La doctrine de Trump a été la conclusion naturelle d’une meilleure perspective qui a changé les compromis de l’ère Obama de l’État islamique à une tactique d’anéantissement. Les effets du second sont plus discutables. Certains souligneront les accords de paix impensables à travers le Moyen-Orient. Les relations d’Israël avec les États arabes montrent des progrès sans précédent. Mais c’est l’aboutissement naturel d’une tendance à long terme plus large, l’inutilité des droits palestiniens dans le Grand Moyen-Orient. L’équilibre des pouvoirs est strictement en faveur d’Israël, par rapport aux années 1970. Israël reste le plus grand et le plus puissant de tous les États du Moyen-Orient. Les baathistes anti-israéliens sont décimés, avec la mort de Mouammar Kadhafi et de Saddam Hussein, et Bachar al-Assad parvient à peine à survivre grâce au favoritisme russe, sans véritable pouvoir. Enfin, l’Iran en prétendant s’implanter dans toute la région a permis aux Arabes du Golfe et à Israël de s’aligner sur une menace potentielle (et sans doute exagérée), et la paix entre eux n’est qu’un reflet de la stabilité hégémonique. C’est louable, mais Trump n’a pas été élu pour renforcer l’Arabie saoudite. Le seul avantage stratégique de ces accords aurait été visible si le gouvernement américain en avait profité et s’était retiré de la sécurité régionale de la région pour équilibrer l’Iran. Mais il n’y a toujours pas de repli actif du Moyen-Orient, malgré l’instinct de Trump.

L’héritage de la politique étrangère de Trump est la Chine, il ne s’agit pas de la guerre commerciale sans signification ou l’interdiction d’immigration, qui n’a pas beaucoup affecté la Chine. Le véritable aspect novateur est une alliance avec l’Inde et la vente des armes à Taiwan, les deux points pivots de toute future grande stratégie asiatique.

L’histoire récente a favorisé l’Amérique. L’Inde, une grande puissance historiquement réticente à toute alliance qui préfère l’équidistance et le non-alignement par rapport à tous les blocs de pouvoir et est sceptique à l’égard de l’impérialisme, a été ensanglantée et humiliée dans l’Himalaya. Avec des dizaines de soldats morts, elle a été forcée de se tourner vers d’autres stratégies alternatives face à la plus grande menace qu’elle a rencontrée depuis des siècles. En conséquence, l’Inde revitalise le Quad, invite l’Australie à un exercice naval avec le Japon et les États-Unis, et envoie sa marine vers la mer de Chine méridionale. Cette affaire le joyau de la couronne. Comme l’a rapporté Reuters, “un accord fournirait à l’Inde l’accès à une gamme de données topographiques, nautiques et aéronautiques”, a déclaré une source de l’industrie de la défense. Il permettrait également aux États-Unis de fournir des aides avancées à la navigation et l’avionique sur les avions fournis par les États-Unis à l’Inde, la source de la défense. En d’autres termes, avec les données satellitaires américaines, les systèmes d’armes indiens seront en mesure de mieux cibler les positions chinoises. Les armes Agni-V de l’Inde sont capables d’atteindre Pékin, ce qui constitue une dissuasion qui change la donne, mais plus que cela, cela augmente l’imagerie opérationnelle quotidienne dans les montagnes. Cela, ajouté à la vente par les États-Unis d’armes anti-navires à Taiwan sont les deux mesures concrètes vers la lutte contre la Chine dans les décennies à venir.

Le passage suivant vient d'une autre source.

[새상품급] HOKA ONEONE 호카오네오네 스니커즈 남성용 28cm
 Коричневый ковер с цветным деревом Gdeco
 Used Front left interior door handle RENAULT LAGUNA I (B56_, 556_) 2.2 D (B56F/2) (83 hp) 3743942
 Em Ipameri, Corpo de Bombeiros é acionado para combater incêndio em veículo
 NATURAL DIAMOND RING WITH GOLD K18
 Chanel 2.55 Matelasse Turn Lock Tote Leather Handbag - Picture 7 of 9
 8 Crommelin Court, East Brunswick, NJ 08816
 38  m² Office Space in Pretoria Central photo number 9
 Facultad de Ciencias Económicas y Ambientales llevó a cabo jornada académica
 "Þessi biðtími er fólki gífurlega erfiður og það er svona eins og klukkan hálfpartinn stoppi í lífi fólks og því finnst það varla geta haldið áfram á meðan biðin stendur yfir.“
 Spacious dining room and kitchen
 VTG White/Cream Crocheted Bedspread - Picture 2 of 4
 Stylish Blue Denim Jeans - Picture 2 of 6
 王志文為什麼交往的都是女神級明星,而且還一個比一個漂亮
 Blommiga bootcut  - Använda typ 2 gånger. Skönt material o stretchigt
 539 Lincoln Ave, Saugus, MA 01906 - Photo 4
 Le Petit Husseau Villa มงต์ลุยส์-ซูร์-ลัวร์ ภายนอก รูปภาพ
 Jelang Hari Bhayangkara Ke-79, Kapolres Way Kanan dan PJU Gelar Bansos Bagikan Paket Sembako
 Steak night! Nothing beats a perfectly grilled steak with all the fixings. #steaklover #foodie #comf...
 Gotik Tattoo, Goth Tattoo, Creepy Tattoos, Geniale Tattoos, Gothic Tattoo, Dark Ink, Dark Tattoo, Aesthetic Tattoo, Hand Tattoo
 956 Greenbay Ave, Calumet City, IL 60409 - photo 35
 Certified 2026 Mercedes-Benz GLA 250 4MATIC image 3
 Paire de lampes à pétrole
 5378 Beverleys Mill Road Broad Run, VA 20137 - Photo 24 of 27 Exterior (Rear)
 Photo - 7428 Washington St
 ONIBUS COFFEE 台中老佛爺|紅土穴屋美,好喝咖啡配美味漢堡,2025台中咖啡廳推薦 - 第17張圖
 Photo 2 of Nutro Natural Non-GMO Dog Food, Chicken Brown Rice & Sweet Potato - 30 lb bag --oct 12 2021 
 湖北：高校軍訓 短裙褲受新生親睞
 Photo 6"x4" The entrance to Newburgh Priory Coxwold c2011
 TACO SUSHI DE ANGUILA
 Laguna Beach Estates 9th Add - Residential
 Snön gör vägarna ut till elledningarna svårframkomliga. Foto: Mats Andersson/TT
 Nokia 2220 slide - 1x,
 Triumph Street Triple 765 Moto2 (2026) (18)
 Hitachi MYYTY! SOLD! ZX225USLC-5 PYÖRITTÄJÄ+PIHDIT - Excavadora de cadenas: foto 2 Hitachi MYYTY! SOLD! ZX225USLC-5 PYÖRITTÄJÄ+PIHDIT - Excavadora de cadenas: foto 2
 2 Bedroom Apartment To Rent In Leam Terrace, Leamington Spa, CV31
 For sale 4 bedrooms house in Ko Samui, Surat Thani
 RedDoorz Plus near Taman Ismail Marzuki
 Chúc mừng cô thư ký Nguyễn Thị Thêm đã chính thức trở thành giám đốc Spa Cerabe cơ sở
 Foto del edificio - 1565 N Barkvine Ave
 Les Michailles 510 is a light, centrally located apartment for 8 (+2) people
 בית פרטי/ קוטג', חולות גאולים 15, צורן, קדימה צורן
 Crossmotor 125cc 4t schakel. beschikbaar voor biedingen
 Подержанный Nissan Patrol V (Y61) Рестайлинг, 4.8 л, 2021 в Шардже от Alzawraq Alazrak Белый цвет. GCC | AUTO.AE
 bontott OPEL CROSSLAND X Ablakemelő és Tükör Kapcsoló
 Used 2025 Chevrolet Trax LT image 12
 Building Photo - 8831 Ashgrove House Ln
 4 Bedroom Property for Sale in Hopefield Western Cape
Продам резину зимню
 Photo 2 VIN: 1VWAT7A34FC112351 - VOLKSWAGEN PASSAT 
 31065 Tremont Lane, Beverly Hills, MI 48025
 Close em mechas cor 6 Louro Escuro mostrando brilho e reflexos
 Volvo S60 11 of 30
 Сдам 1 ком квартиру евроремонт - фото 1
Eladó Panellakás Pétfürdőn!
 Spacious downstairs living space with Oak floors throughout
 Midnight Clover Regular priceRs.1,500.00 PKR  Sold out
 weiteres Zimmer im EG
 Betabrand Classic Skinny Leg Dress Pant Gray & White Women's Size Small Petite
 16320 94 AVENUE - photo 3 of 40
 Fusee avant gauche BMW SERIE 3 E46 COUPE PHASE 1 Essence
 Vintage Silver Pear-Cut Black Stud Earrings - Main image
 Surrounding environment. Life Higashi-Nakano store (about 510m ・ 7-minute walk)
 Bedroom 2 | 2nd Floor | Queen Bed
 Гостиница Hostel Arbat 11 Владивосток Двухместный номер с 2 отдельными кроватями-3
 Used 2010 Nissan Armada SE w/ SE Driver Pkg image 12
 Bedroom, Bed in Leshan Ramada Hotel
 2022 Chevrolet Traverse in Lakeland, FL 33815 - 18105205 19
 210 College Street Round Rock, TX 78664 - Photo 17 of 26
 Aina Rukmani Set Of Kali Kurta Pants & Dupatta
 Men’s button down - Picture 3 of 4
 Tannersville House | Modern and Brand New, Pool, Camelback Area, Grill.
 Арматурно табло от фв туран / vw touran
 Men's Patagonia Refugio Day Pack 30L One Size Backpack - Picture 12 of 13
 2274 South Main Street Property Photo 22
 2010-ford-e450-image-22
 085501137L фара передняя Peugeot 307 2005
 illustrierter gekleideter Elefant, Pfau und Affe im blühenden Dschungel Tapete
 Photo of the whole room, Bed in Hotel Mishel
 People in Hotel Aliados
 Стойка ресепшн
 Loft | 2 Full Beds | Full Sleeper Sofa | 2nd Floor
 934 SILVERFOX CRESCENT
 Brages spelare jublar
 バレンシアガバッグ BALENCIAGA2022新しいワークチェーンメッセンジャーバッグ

La future grande stratégie américaine en Asie repose sur deux hypothèses. Premièrement, la Chine continuera à grandir, et à la mesure de son ascension, elle aspirera à l’hégémonie régionale. Et deuxièmement, la puissance relative américaine continuera de décliner dans un monde multipolaire potentiel, ce qui nécessite une stratégie de transfert de fonds aux puissances régionales. Quelle que soit la personne ou le parti au pouvoir à Washington, les forces structurelles imposeront ces mouvements. L’échiquier est déjà prêt pour un long jeu, et les pions sont déjà en place. Malgré tous les discours de Trump sur le retour à une rivalité de grande puissance, sa facilitation d’une alliance avec l’Inde et l’armement de Taiwan comme un État frontière contre une Chine montante sera son héritage déterminant – une stratégie qui va probablement continuer même si Joe Biden gagne la présidence.

Sumantra Maitra est doctorante à la Faculté de politique et de relations internationales de l’Université de Nottingham.